Progress Interrelating Membrane Proteins with Functional Genomics Data

We have used database integration to find a number of interesting correlations related to membrane proteins.

Jansen & Gerstein (2000) and Drawid et al. (2000). Using our integrated database system, in the first paper we were able to connect the prediction of transmembrane helices in yeast with a number of datasets giving measurements of whole genome expression levels. This produced the notable result that membrane proteins are expressed at a considerably lower level than soluble proteins, by ~22%, and that certain broad groups of membrane proteins are expressed more highly than others -- e.g. 4-TMs are expressed at a higher level than 2-TMs. In the second paper (described in Fig. 3), we extended this analysis to fully relate subcellular localization with gene expression level.

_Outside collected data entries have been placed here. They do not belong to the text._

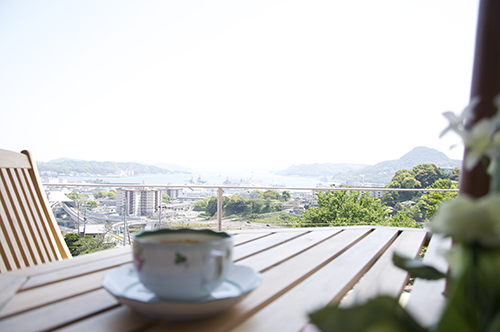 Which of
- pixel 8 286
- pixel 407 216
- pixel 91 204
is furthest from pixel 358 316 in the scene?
pixel 407 216

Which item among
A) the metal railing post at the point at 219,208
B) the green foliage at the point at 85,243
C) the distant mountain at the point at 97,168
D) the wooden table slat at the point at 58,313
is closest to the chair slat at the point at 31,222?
the wooden table slat at the point at 58,313

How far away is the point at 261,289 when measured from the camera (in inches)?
23.2

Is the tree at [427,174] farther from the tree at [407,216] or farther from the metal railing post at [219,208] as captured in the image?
the metal railing post at [219,208]

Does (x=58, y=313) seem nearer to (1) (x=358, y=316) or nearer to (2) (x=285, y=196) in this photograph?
(1) (x=358, y=316)

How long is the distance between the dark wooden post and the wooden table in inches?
7.8

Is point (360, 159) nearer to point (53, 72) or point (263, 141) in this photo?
point (263, 141)

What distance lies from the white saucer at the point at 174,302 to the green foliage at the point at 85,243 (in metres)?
2.92

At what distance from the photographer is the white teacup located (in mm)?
439

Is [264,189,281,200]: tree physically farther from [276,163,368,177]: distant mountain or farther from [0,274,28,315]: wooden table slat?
[276,163,368,177]: distant mountain

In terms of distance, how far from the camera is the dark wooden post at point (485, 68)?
539mm

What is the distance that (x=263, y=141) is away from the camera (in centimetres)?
2600

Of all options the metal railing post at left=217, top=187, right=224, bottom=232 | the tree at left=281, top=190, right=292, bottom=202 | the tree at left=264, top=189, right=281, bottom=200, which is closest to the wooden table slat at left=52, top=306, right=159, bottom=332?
the metal railing post at left=217, top=187, right=224, bottom=232

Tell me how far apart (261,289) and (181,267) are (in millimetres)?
202

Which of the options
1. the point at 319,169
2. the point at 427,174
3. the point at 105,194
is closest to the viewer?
the point at 105,194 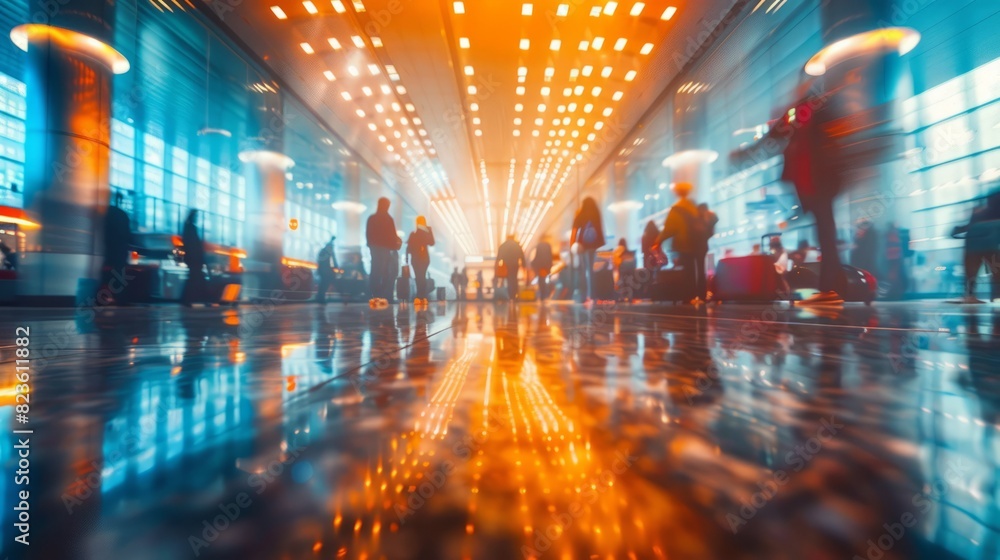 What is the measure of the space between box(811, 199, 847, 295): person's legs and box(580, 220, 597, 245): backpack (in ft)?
10.0

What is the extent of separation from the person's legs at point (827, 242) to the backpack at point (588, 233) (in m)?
3.06

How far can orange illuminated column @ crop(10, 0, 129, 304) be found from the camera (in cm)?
504

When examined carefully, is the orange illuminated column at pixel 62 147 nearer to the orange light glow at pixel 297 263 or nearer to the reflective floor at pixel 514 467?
the orange light glow at pixel 297 263

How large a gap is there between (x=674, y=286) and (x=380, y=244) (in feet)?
15.4

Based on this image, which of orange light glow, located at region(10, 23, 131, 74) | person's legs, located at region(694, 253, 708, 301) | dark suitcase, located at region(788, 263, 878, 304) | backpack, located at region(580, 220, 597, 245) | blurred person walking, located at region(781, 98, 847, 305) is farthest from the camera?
backpack, located at region(580, 220, 597, 245)

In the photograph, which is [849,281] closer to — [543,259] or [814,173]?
[814,173]

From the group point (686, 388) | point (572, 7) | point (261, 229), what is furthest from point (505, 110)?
point (686, 388)

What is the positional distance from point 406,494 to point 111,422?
1.28ft

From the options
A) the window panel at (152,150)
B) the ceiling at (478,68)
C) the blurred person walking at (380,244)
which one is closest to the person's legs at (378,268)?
the blurred person walking at (380,244)

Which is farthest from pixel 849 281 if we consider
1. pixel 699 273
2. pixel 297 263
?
pixel 297 263

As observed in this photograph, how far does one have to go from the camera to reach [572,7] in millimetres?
5969

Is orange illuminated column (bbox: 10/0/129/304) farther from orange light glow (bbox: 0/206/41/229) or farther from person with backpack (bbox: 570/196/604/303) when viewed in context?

Drawid & Gerstein (2000), Alexandrov & Gerstein, (2001), Kumar et al. (2002). In the first paper we extended our work on gene expression and subcellular localization to the prediction of subcellular localization based on genomic features. That is, we made use of the correlations that we had found and used them for the overall prediction of subcellular localization. In the second paper, we developed the mathematics of our formalism further, showing that it was in many respects analogous to the probabilistic calculations in quantum mechanics. Finally, in the third paper, we scaled our procedure up and applied it to the whole yeast genome in combination with experiment, to predict subcellular localization for all proteins in yeast. This paper represents an experimental capstone on our computational work in this area. It will be broadly useful to yeast biologists.